Problem description: Pictures are to be omitted. Output only the lines from the one containing "2 bedroom Apartment" through the end of the data, word for word.

The data:

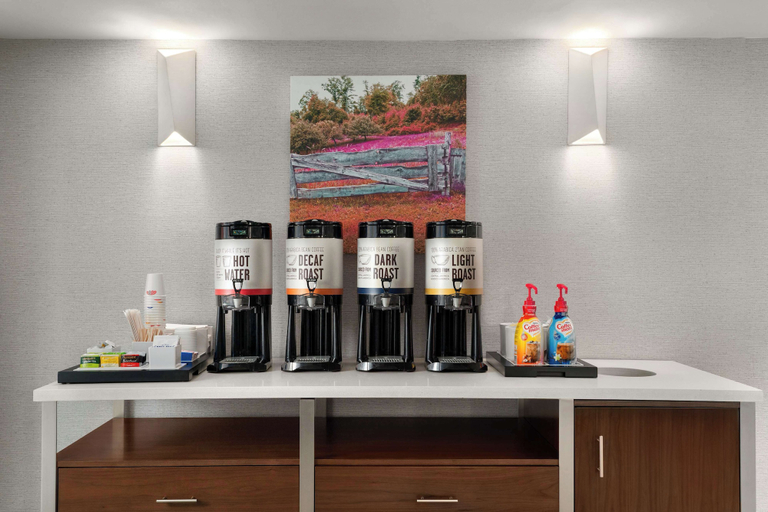 Food & Drinks 5, Hampton Inn Sturbridge, Worcester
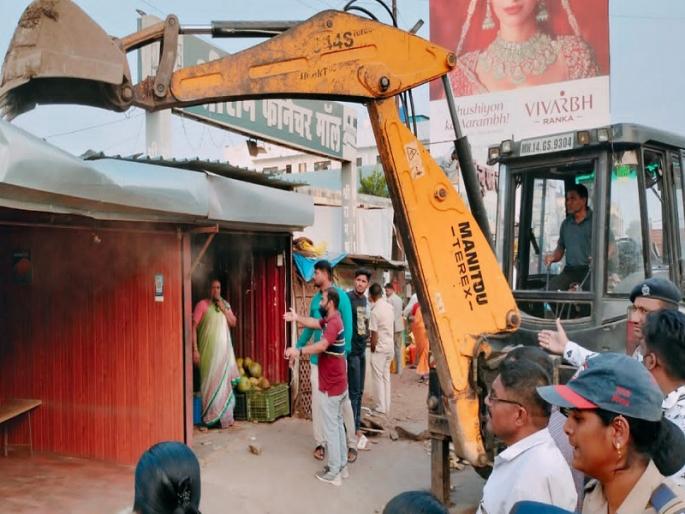 Kartiki Yatra Hammer on illegal encroachments on Dehu Phata in Alandi pune latest news | कार्तिकी यात्रा : आळंदीत देहू फाट्यावरील बेकायदेशीर अतिक्रमणांवर हातोडा Kartiki Yatra Hammer on illegal encroachments on Dehu Phata in Alandi pune latest news | कार्तिकी यात्रा : आळंदीत देहू फाट्यावरील बेकायदेशीर अतिक्रमणांवर हातोडा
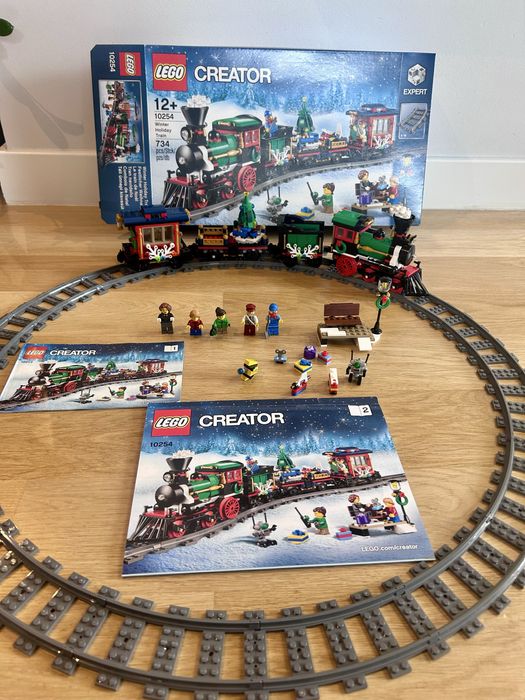 LEGO 10254 - Creator Expert: Świąteczny pociąg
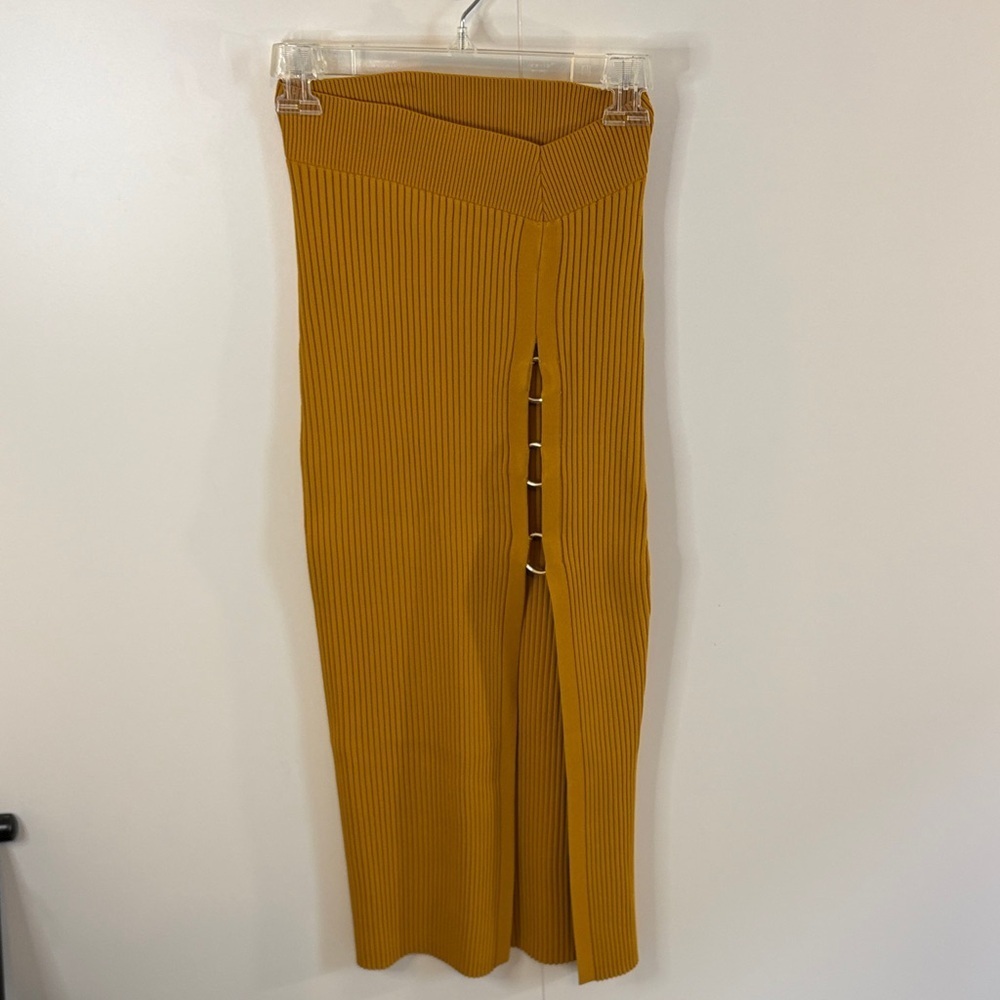 NICHOLAS Janella Asymmetrical Marigold Ribbed Knit With Gold Rings Skirt M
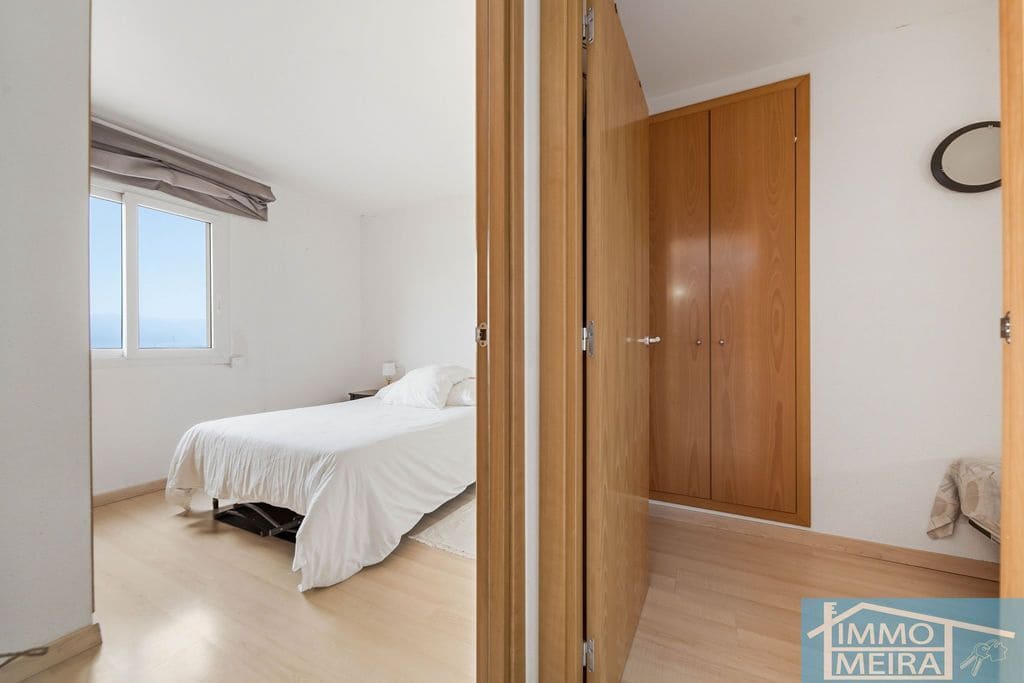 2 bedroom Apartment for sale in Roses with pool garage - € 235,000 (Ref: 9807664)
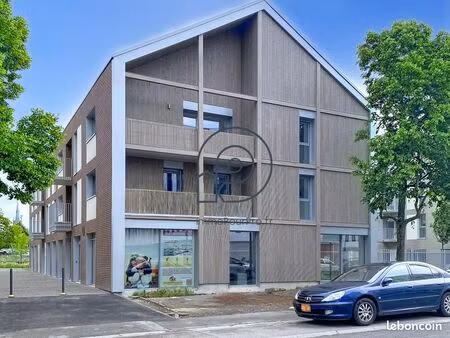 bureaux 94 m² croix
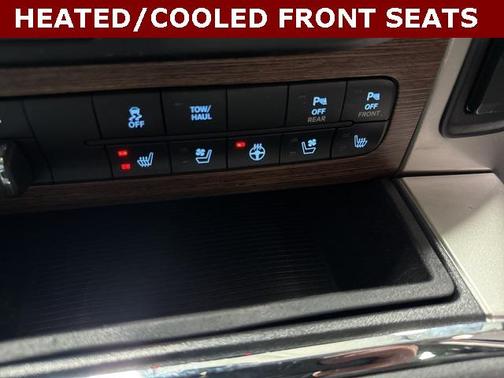 2018 RAM 2500 Laramie Crew Cab 4x4 6'4' Box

Answer to the problem:
 2 bedroom Apartment for sale in Roses with pool garage - € 235,000 (Ref: 9807664)
 bureaux 94 m² croix
 2018 RAM 2500 Laramie Crew Cab 4x4 6'4' Box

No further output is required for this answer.